EXERCISE PROMPT » Look below for the line containing "Blog – It’s" and the line containing "hoje eu tive", then set down both and every line between them exactly, without pictures.

INFORMATION PROVIDED »

+---+

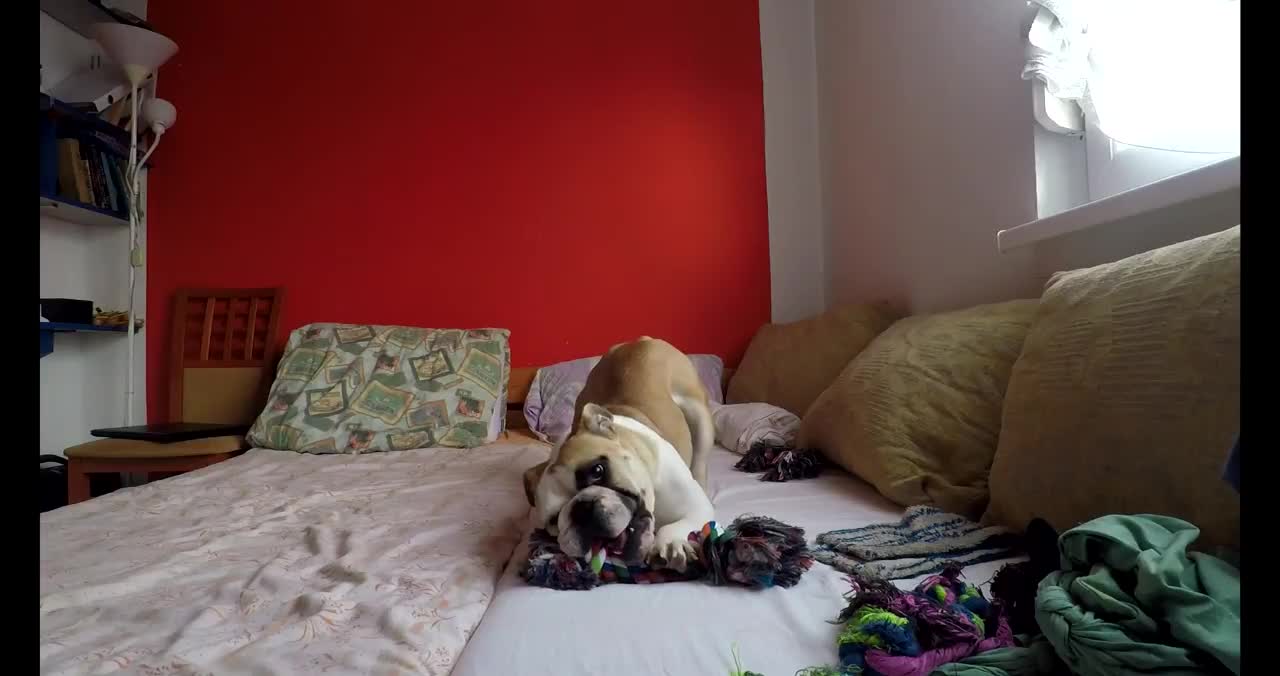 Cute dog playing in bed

+---+

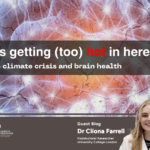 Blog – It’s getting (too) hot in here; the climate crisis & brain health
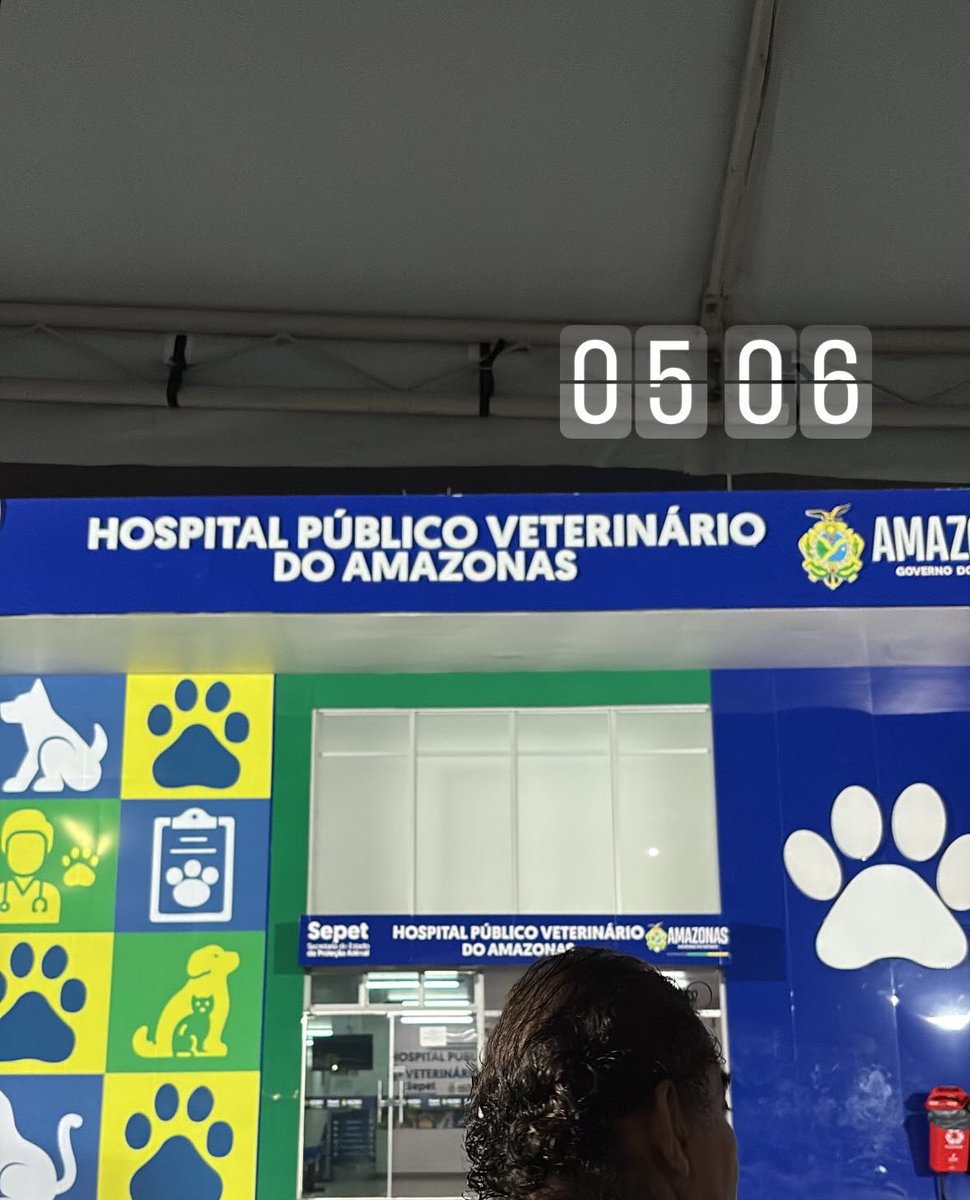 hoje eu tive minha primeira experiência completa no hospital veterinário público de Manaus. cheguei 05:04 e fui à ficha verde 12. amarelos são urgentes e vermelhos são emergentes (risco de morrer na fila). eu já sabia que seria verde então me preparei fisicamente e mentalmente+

+---+

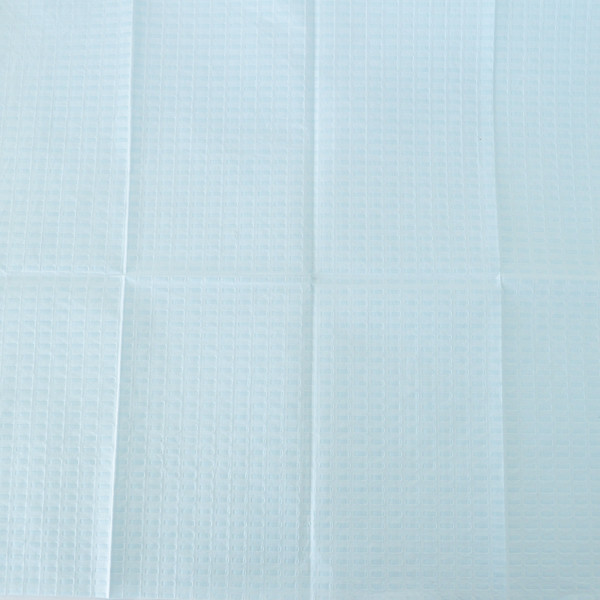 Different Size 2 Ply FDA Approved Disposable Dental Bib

+---+

SOLUTION TO THIS PROBLEM »
 Blog – It’s getting (too) hot in here; the climate crisis & brain health
 hoje eu tive minha primeira experiência completa no hospital veterinário público de Manaus. cheguei 05:04 e fui à ficha verde 12. amarelos são urgentes e vermelhos são emergentes (risco de morrer na fila). eu já sabia que seria verde então me preparei fisicamente e mentalmente+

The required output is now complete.